On September 4th 2018, Dr. Prof. Torsten Tschcher from Germany presented a wonderful lecture about ‘Early Quranic Tamil Translations’ in Rosa Muthiah Library, Chennai. His research about Islamic Science in Tamil and his knowledge in this subject is very in-depth and commendable.
Professor Torsten’s English, scholarly analysis and his story telling ability made this presentation very interesting to all those who listen which otherwise would have been insipid to non-academics.
When Tamil Quran translation is taken for discussion, it has been proven from Professor Torsten’s speech that the contribution and efforts of B. Dawood Shah in this field are unique and will certainly be part of the history. The challenges B. Dawood Shah went through in Singapore and the court proceedings against his opponents, his eventual victory over them are all well narrated by Torsten with appropriate documentary evidence.
I sincerely express my thanks to Mr. Kombai S. Anwar and Mr. Nadeem for sharing me with the details of this event and the video of the lecture.
Though Islam reached Tamil country even as it was spreading in the Arabian Peninsula, and the Muslim contribution to Tamil literature is quite significant, it was only in the early 20th Century that attempts to translate it into Tamil became successful. Despite Arabic not being accorded a divine status, people hesitated to translate. Or did they make attempts?
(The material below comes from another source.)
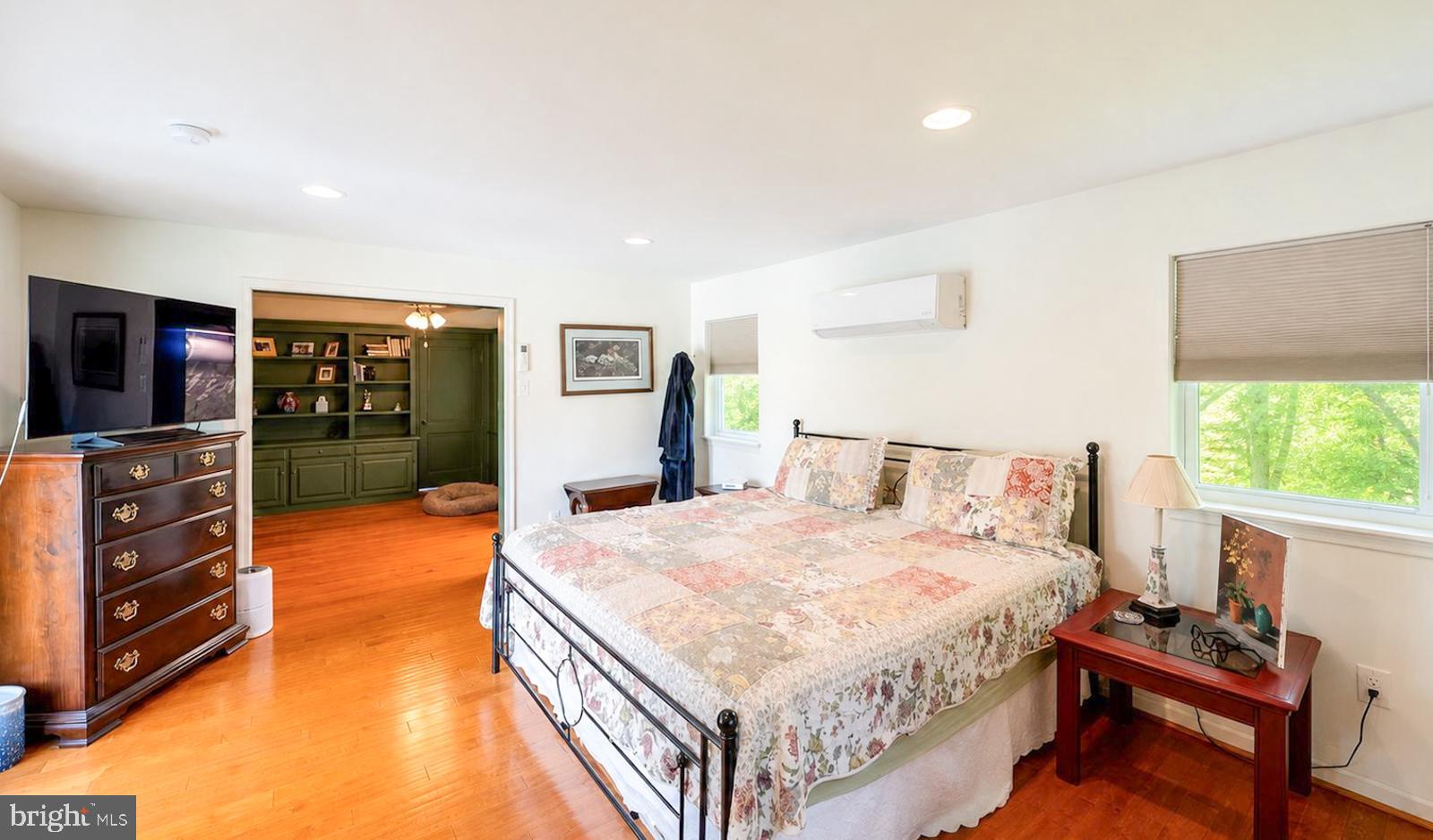 222 Blue School Road Perkasie, PA 18944 - Photo 25 of 77 a bedroom with a bed and a flat screen tv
Perhaps it was the fear of losing the essence of the Divine text in translation. It was not as if no attempts were made. The earliest available material (there could have been much earlier ones but perhaps lost) indicate that the 17th Century Tamil mystic Thakkalai Peer Appa did render the first sura Al-Fathiha into Tamil prose in Nyyanapugazhchi. There were also attempts to translate / explain the holy text into Arabic Tamil (Tamil written in Arabic script), which was once widely prevalent among the Tamil Muslim community in places like Kayalpatnam. Interestingly it was mostly scholars from Thanjavur region which was foremost in reform and having a complete Tamil version. B. Dawood Shah from Nachiyar Koil followed in their footsteps, only to be vehemently criticized and branded as a Qadiyani meaning a follower of the Ahamadiya sect. He had to go through court cases in places as far as Singapore.
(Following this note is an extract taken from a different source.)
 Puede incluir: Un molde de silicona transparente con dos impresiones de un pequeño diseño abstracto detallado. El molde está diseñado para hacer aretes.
Whatever it may be, the time had come. The debates and counter debates about the need for translation and the translation itself is fascinating. Today there are so many Tamil translations of the Holy Koran available that, not many are aware of the situation a hundred years ago. Dr. Torsten Tschcher’s lecture on the “Early Quranic Tamil translations; Extraordinary translations and Loathsome commentaries” was a scholarly attempt and a fine one at that, which threw light on our understanding of the Tamil and Islamic cosmos.